As Olsen pointed out, Romney had reason to believe that his OH strategy was failing, just as Obama thought his firewall was solid. That’s why Romney was scoping out PA etc. in a kind of desperation. Anyone with any brains knew that the PA mirage was fooling Republicans yet again, and Obama wasn’t particularly worried, given the mega-margin he was going to get in Philly.

OH was much more in play than both sides thought. In general, the low evangelical white turnout across the country–lower than both sides expected perhaps–has yet to be adequately explained. Some, such as Steve Hayward, have mentioned the word Mormon–not as a strong factor, but strong enough to keep enough evangelicals home. Others, maybe more plausibly, fall back on the scientific success have Obama’s negative campaigning against the plutocrat that’s not one of us, campaigning Romney apparently thought he didn’t have to counter all that much.

And we can say, with Olsen, that Romney needed a strategy to attract white, nonevangelical, blue-collar, mainly union men in the MIDWEST. He could have trumpeted that, although he was against public-employeee unions, he was more than okay with the proudly American industrial unions. And he could have been more clear about how his aim was to mend—not end—the system of entitlements and safety nets on which Americans had come to depend.
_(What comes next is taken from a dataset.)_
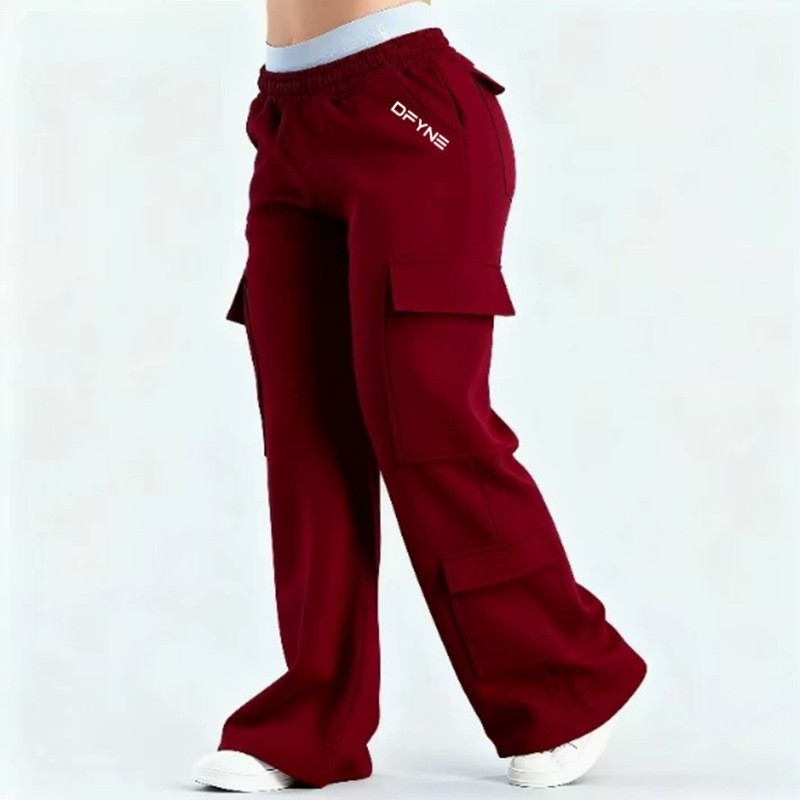 Fashionable Solid-Colored Casual All-Match Pants With Pockets - Image 2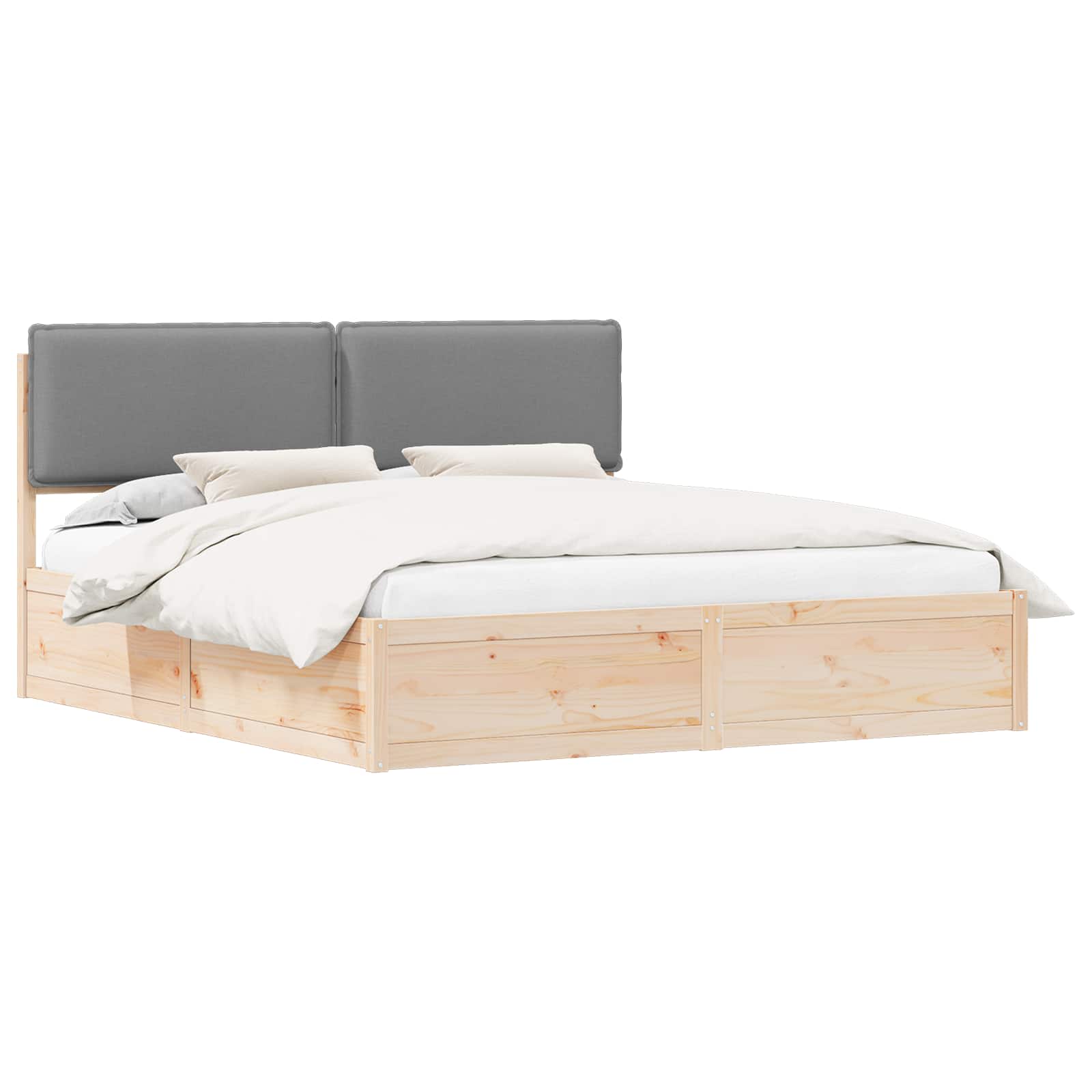 Estructura de Cama con Cabecera Tapizada Gris Claro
Obama’s negative campaign amounted to this guy wants to destroy what had made the working man middle class. It’s not Obama’s genius that deprived Romney of a strategy to counter that negative campaigning.

We can also mention that Romney left the evangelical turnout largely to chance—to volunteers not under his supervision. Obama wouldn’t have done that.

Speaking of chance, I may also, as the thread below suggests in a couple of places, be underestimating the impact of Romney’s bad luck—beginning with Sandy—near the end of the race. I admit that exit polls suggest that Sandy did help the president significantly.

I don’t think Sandy helped him enough to have turned defeat into victory, but probably enough to give him the now very noticeable popular vote margin. That means, I hasten to add, that Nate Silver’s hyper-accuracy was more lucky than strictly scientific.

It goes without saying that these are the uninformed speculations of an amateur intended to provoke discussion.